655/48000 * 1000 = milliseconds (almost 14 ms after the visual reference)

Or 2/5th's of a frame (roughly). i.e. > 1/3rd of a frame. For some reason I seem sensitive to this. Even though in the real world we are used to hearing sounds while watching the source, delayed from the source. But in video, where you can zoom in up close, even though you're far away... I find it annoying to be that much out of sync. I don't want to be early on the audio, our brains yell and scream and can't compensate for that, but I can tell that it's noticeably off. And yet damn close. I can tell even when it's not a full frame (or more) off, and otherwise matches what the camcorder recorded.

Now I don't go around speeding up and slowing down the audio based on the distance to the source and the perceived zoom factor in the middle of a video. But should I or should I not be taking the comfortable average there of? I don't have or use (currently) a wide angle lens, so perspective wise the camcorder is already a few feet in front of it's own mics. Even with the zoom all the way out.

So, should I compensate, or just watch more kung fu theater? Or are there other things in play that is throwing my perceptions off? Like monitor latency (LCD)? Should I also compensate for that? It's most noticeable when viewing 60p video of something with drums in it. And my perceptions seem to differ based on how rested (or not) I am. Even when the source material hasn't changed. Or maybe my camcorder is a bit off / odd. I always seem to have at least one extra video frame relative to the duration of the audio track.

I'm am by no means a full frame out of sync. And I'm probably over thinking it. I just have the one pair of mics so I don't have an on stage or lapel mic to sync with. But if my mics were in that other place, and my camcorder had audio inputs, I would imagine that this temporal adjustment would be compensated for with the speed of electrons / light. I'm just having to take a more more manual approach. Or not.

I record audio externally, so I have the content to pick and choose from and even add to the tail end to match the number of frames. And I'm already lining up and extracting that audio, so outside of a little math, it's not really more work per say for my current flow.
 
You're overthinking it.

You can't get audio in closer sync to video than within one frame. That's a 25th of a second in PAL/50 Hz countries and a 30th of a second in NTSC/60 Hz countries. It takes that long to build a frame so working down to individual samples is pointless.

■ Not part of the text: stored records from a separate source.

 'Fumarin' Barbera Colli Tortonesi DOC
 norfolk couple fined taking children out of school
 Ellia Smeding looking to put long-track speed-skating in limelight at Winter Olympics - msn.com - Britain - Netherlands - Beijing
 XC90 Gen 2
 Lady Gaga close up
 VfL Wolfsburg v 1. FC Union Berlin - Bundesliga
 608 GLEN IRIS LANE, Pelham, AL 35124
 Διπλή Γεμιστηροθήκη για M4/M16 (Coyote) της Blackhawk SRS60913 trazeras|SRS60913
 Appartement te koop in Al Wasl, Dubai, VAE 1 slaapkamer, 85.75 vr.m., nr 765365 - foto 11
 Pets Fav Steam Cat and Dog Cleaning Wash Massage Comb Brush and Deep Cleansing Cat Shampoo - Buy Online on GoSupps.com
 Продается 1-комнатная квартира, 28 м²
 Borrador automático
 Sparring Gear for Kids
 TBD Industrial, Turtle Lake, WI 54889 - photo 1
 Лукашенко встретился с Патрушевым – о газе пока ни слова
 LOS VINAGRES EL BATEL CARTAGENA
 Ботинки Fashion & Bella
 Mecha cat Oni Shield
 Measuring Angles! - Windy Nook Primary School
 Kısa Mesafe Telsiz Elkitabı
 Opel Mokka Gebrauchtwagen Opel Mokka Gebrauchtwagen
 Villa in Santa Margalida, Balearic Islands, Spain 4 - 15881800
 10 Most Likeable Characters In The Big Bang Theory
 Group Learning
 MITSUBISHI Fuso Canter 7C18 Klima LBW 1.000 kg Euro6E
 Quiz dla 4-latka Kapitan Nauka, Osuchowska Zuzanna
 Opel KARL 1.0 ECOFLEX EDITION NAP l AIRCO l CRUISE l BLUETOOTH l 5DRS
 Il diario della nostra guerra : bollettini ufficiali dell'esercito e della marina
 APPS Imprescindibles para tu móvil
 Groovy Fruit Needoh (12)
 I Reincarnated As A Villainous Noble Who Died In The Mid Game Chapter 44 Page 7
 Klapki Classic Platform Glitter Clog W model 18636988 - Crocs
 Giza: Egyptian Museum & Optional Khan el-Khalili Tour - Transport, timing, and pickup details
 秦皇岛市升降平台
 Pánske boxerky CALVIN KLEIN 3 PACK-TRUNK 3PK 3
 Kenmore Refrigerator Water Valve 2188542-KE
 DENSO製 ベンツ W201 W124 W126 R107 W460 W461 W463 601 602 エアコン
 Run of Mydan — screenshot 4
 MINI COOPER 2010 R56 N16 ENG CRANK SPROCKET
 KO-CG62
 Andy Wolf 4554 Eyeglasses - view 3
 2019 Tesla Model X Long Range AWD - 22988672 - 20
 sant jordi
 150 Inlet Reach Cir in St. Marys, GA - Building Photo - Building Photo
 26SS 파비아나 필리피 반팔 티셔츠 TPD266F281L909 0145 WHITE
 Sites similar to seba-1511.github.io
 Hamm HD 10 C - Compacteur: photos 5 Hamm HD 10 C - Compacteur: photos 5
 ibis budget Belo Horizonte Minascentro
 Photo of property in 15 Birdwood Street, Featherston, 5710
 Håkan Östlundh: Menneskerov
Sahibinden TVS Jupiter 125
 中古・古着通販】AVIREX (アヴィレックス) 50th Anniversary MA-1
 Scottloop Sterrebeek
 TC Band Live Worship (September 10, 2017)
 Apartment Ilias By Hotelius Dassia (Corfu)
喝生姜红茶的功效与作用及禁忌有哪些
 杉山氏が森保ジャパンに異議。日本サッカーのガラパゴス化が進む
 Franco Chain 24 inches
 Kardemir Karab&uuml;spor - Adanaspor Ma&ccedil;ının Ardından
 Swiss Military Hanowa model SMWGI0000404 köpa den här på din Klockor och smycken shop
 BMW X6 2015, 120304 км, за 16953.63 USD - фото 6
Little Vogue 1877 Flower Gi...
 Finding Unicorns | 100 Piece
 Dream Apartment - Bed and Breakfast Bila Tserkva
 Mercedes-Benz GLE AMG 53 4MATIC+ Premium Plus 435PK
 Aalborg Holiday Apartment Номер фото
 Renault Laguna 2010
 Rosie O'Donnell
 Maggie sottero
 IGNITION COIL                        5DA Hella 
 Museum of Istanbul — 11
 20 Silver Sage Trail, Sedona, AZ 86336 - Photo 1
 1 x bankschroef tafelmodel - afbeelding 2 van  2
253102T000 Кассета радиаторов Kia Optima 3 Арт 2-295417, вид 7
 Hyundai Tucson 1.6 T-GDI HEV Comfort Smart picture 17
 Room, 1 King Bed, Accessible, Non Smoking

Most people can't detect video as out of sync in less than 2 frames--the best might detect one frame out.

Now, audio travels at roughly 1100 feet per second. When setting up delays for live events, I use 1ms per foot distance for a "back of the envelope" approximation. Since one frame of video in NTSC is 33.3ms, the equates to a bit over 30 feet distance being one frame of delay, 60+ feet being 2 frames delay.

Usually, if your 30 feet or more away, you can't see enough detail to be worried about exact sync anyway but, if you have to (a long telephoto shot or similar) just slip the sound by one frame/two fields for every 30 feet of distance. Any more accuracy is wasted because of the duration of each individual frame.

...and, whatever you do, don't stare at it trying to detect sync problems. The brain plays tricks and, as soon as you're looking for problems, you'll see them.

Hope this helps,

Bob
(Who worked in broadcast TV sound for 35+ years prior to retirement.)
 
I was thinking the 1ft/ms thing also.... one frame = 30ft is a cool rule of thumb to have. Thanks Bob!!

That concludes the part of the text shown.